## Problem to work on
Skip all lines in the entries below that come before the one containing "Коцюба Дмитрий Севастьянович". Repeat that line and the rest exactly.

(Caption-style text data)
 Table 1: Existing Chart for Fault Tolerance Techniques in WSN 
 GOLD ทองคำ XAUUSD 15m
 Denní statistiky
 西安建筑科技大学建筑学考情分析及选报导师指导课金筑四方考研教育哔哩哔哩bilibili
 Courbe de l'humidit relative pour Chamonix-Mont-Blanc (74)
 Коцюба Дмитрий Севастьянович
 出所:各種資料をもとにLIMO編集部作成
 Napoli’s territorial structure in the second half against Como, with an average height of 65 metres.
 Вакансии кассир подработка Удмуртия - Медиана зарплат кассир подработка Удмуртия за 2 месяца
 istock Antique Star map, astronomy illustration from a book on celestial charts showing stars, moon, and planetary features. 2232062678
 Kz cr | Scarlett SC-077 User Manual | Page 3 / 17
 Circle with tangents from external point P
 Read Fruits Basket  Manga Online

## Completed task
 Коцюба Дмитрий Севастьянович
 出所:各種資料をもとにLIMO編集部作成
 Napoli’s territorial structure in the second half against Como, with an average height of 65 metres.
 Вакансии кассир подработка Удмуртия - Медиана зарплат кассир подработка Удмуртия за 2 месяца
 istock Antique Star map, astronomy illustration from a book on celestial charts showing stars, moon, and planetary features. 2232062678
 Kz cr | Scarlett SC-077 User Manual | Page 3 / 17
 Circle with tangents from external point P
 Read Fruits Basket  Manga Online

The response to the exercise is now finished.